Deputado gosta mais de cargo na administração pública do que formiga gosta de açúcar.
Deputados como Edvaldo Magalhães (PCdoB) e Emerson Jarude (MDB) estrebucharam, mas foram atropelados pela máquina governamental.
A máquina é pesada.
Atropela mesmo.
Nunca na história um governador teve uma legislatura tão dócil a seu favor.
Essa reforma da reforma como com contaminada a partir da transformação da Representação em Brasília numa secretária.

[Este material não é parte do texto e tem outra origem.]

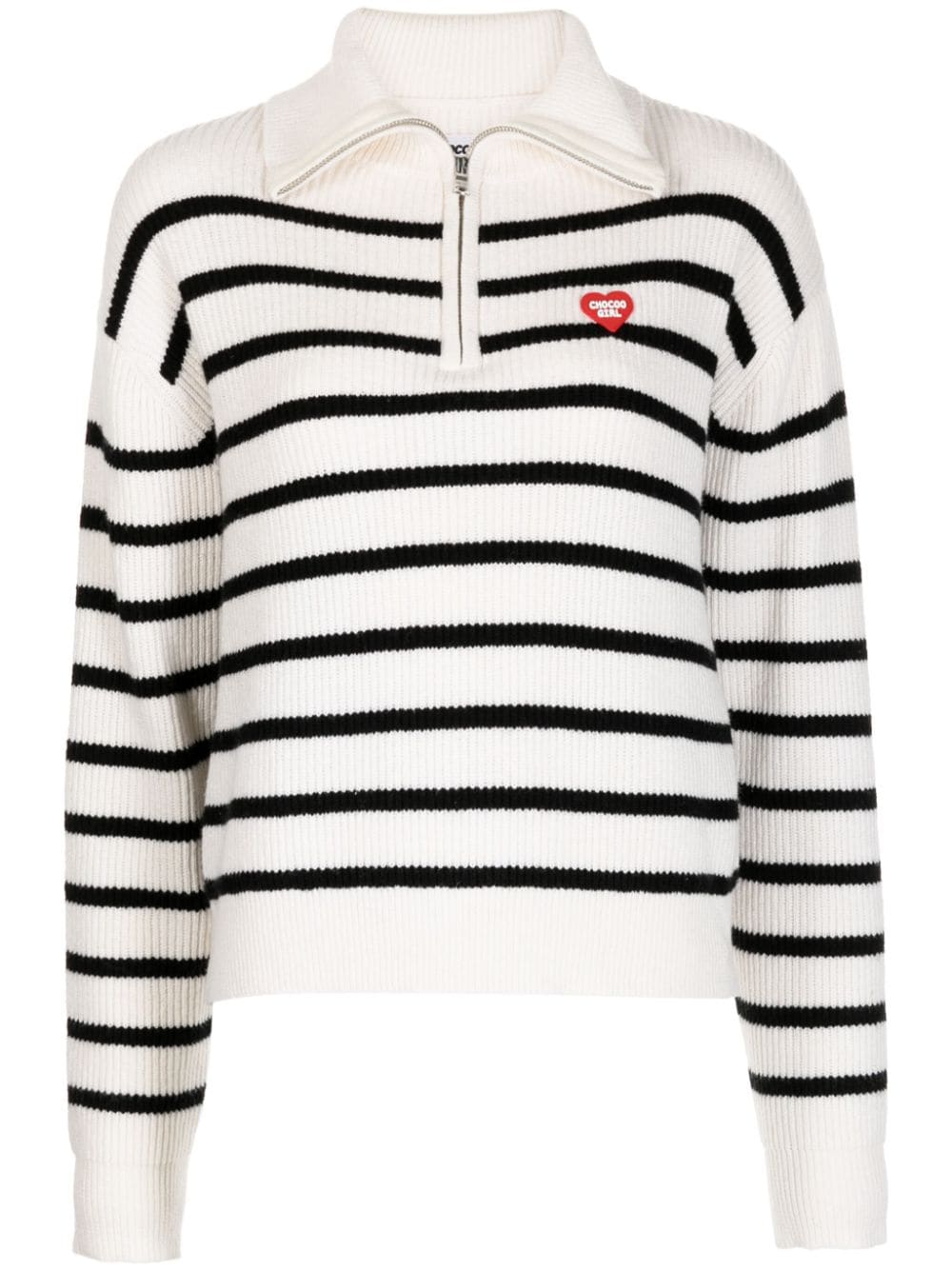 CHOCOOLATE logo-patch striped sweatshirt - White von CHOCOOLATE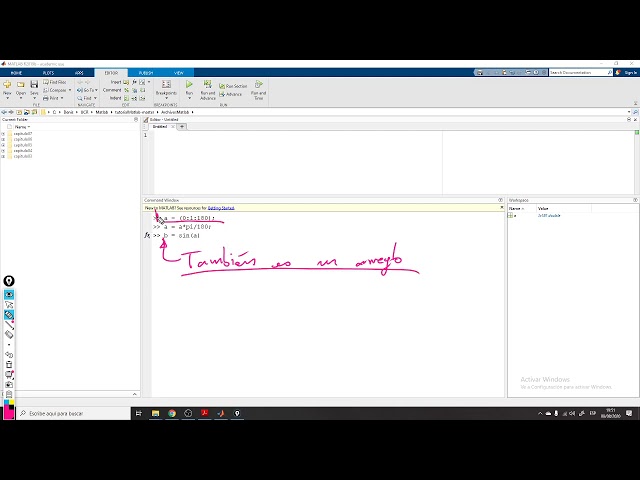 Matlab desde cero:   Uso de arreglos en funciones matematicas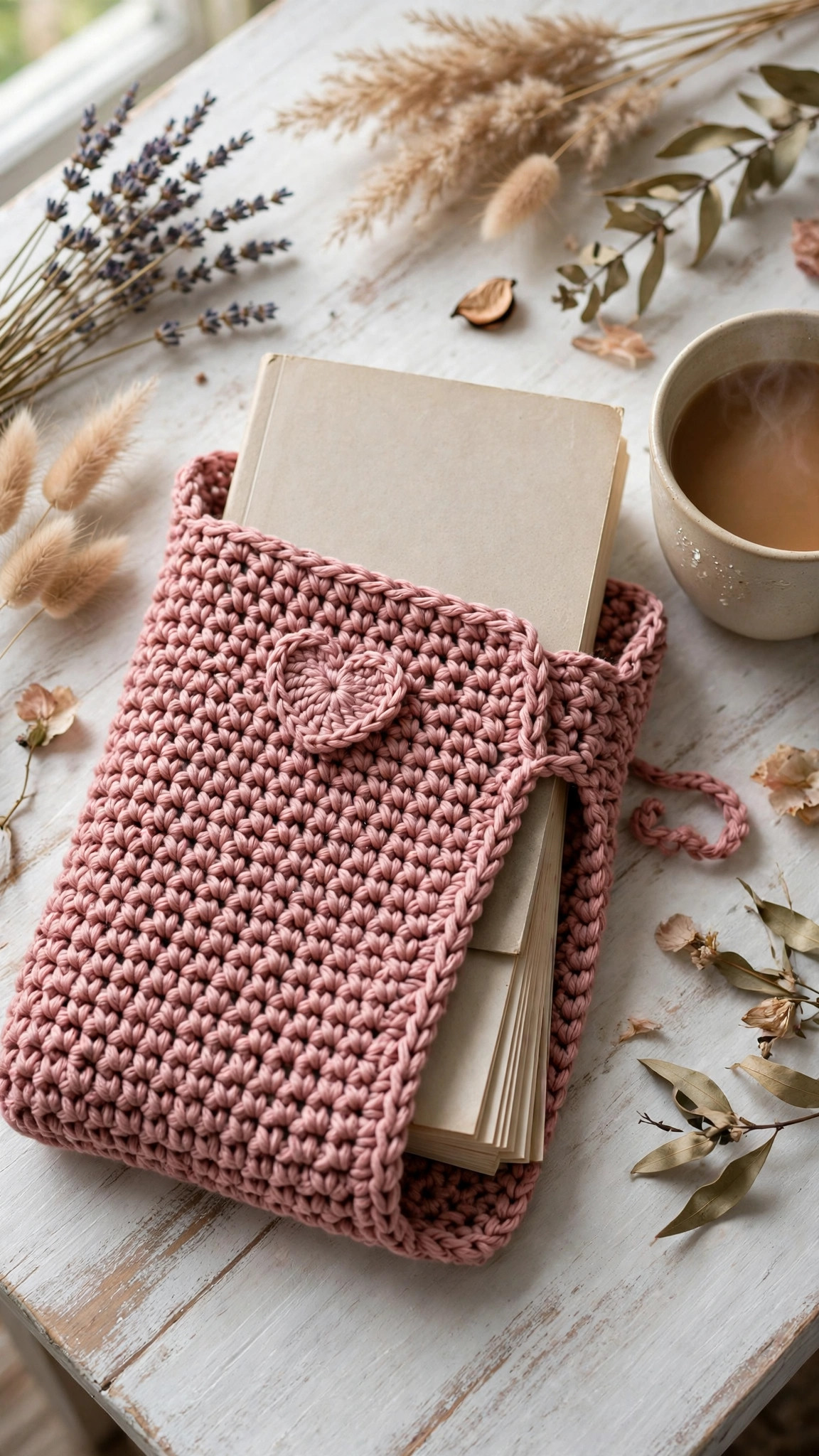 Handmade crocheted book sleeve in dusty rose pink yarn with a small crocheted heart applique, a paperback book sliding into it, book sleeve crochet pattern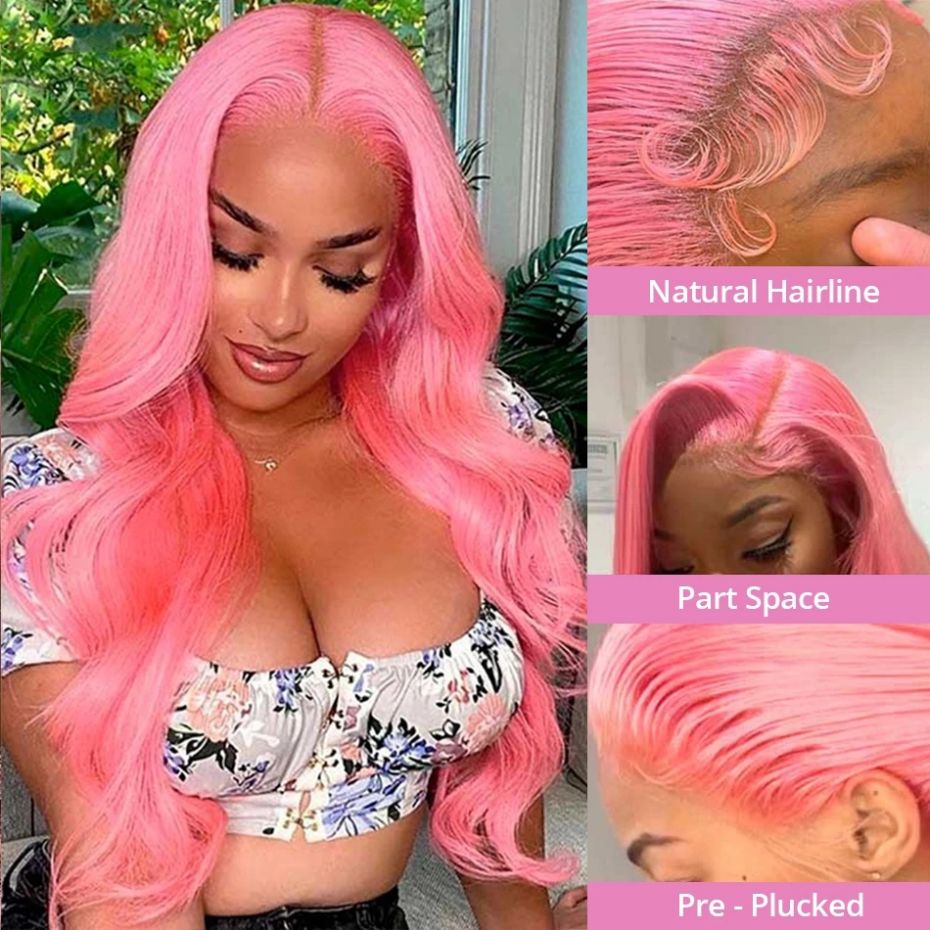 10″ – 40″ Pink Color Body Wave Human Hair Lace Front Wig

A Representação foi transformada em Secretaria de Relações Federativas. Piada.
Recriar as secretaria de Turismo e da Mulher parece algo aceitável.
O problema está noutro ponto da lei.
Os deputados simplesmente abriram mão das suas prerrogativas de legislar para agradar ao governador Gladson Cameli.
Aprovaram uma medida flagrantemente inconstitucional.
Essa medida é a que permite ao governador nomear até 30% dos cargos, acrescendo ao existentes, por meio de decreto.
Autorização nesse sentido tem, obrigatoriamente, que ser por meio lei especifica.
Tem decisão do Supremo Tribunal Federal (STF) neste sentido. Veja aqui.
Governador com maioria no parlamento pode quase tudo, menos afrontar decisão do Supremo.
Resta saber se a pequena oposição irá procurar a Justiça para reverte a decisão do plenário.
O deputado Edvaldo Magalhães disse que irá fazer isso.